▸ **DESCRIPTION OF THE TASK**
Restate the listing that follows word for word, without its pictures.
........
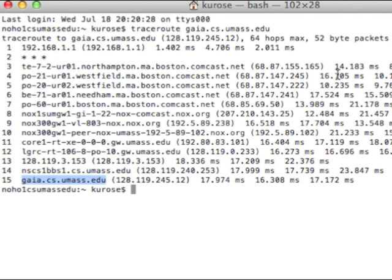The other thing we can see is actually the round trip time from my host, which is sending the traceroute packets, to each of these routers. If I look at the router one hop out, it's 1.4 milliseconds, the second probe was 4.7 milliseconds, and the third probe was 2.1 milliseconds. So that's a very close-by router.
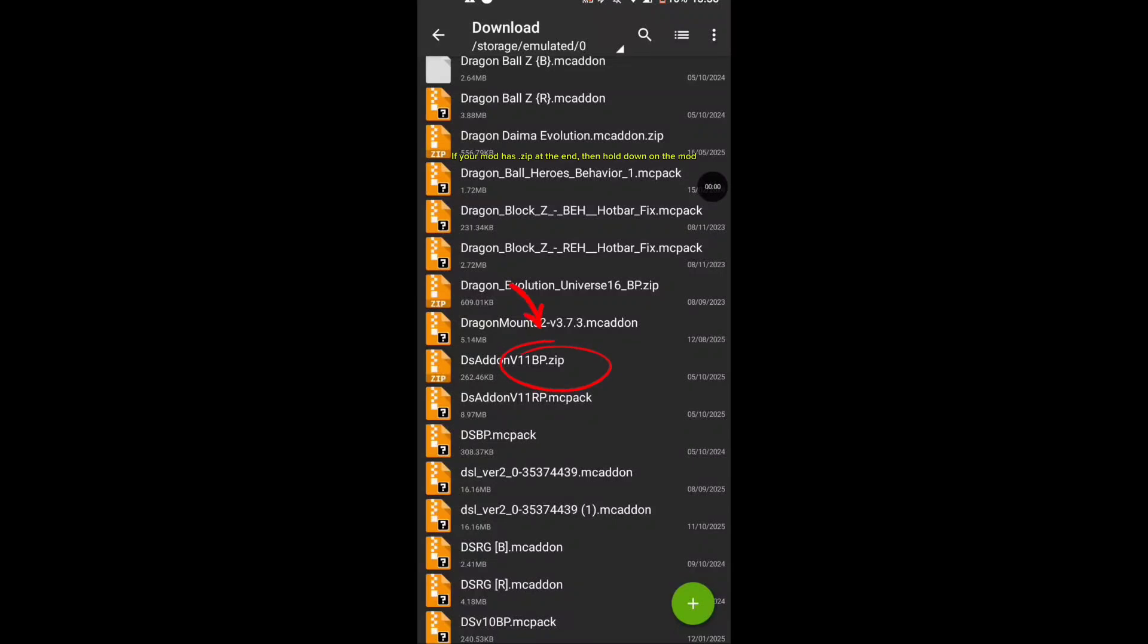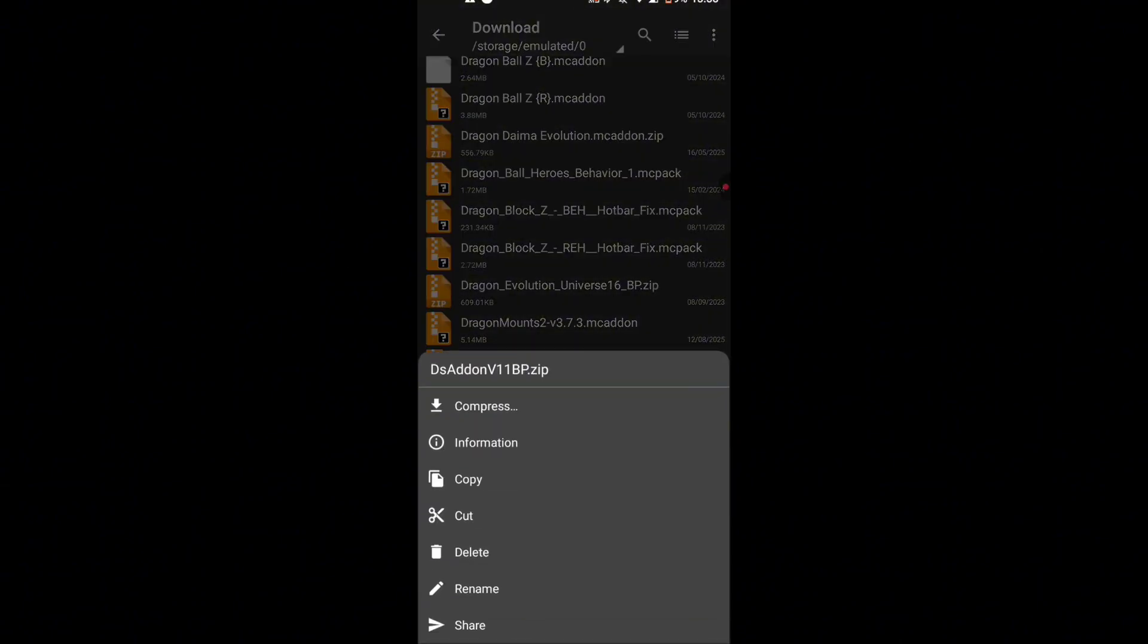If your mod has .zip at the end, then hold down on the mod. Then click Rename.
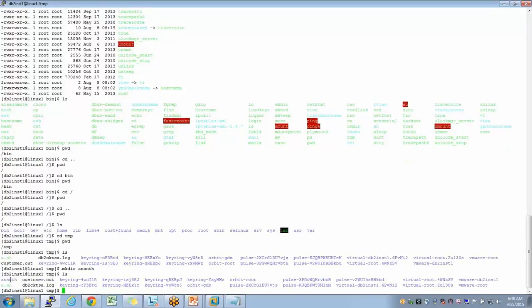If I do ls, I can see the directory 'anand' has been created successfully.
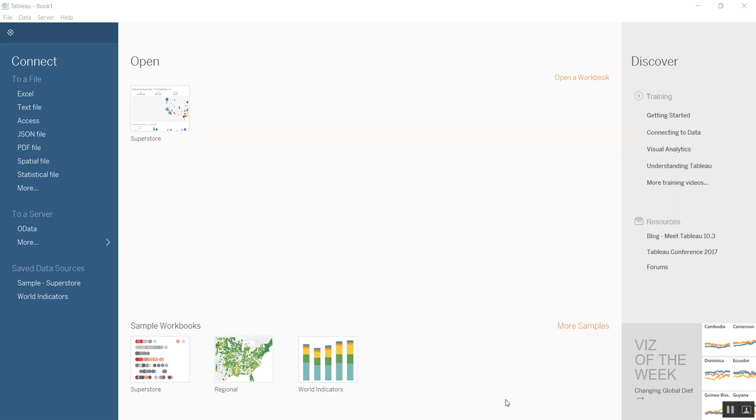Hello, everyone. Today, I want to talk about a new connector in Tableau 10.3. I've actually just upgraded my version of Tableau to desktop 10.3.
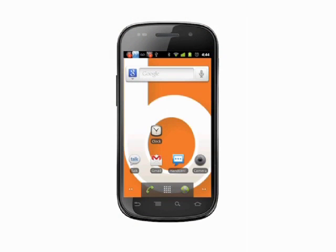Hi, this is Andrew Moore Crispin with another Android tutorial from Butterscotch.com. In this tutorial we're going to show you how to set alarms on your Android phone.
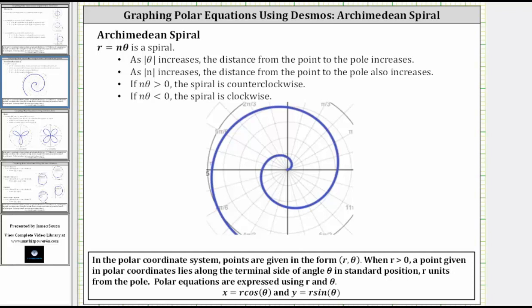In this lesson, we will use desmos.com to explore the Archimedean spiral given by the polar equation r equals n theta.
........
▸ **RESPONSE TO THE EXERCISE**
The other thing we can see is actually the round trip time from my host, which is sending the traceroute packets, to each of these routers. If I look at the router one hop out, it's 1.4 milliseconds, the second probe was 4.7 milliseconds, and the third probe was 2.1 milliseconds. So that's a very close-by router.
If your mod has .zip at the end, then hold down on the mod. Then click Rename.
If I do ls, I can see the directory 'anand' has been created successfully.
Hello, everyone. Today, I want to talk about a new connector in Tableau 10.3. I've actually just upgraded my version of Tableau to desktop 10.3.
Hi, this is Andrew Moore Crispin with another Android tutorial from Butterscotch.com. In this tutorial we're going to show you how to set alarms on your Android phone.
In this lesson, we will use desmos.com to explore the Archimedean spiral given by the polar equation r equals n theta.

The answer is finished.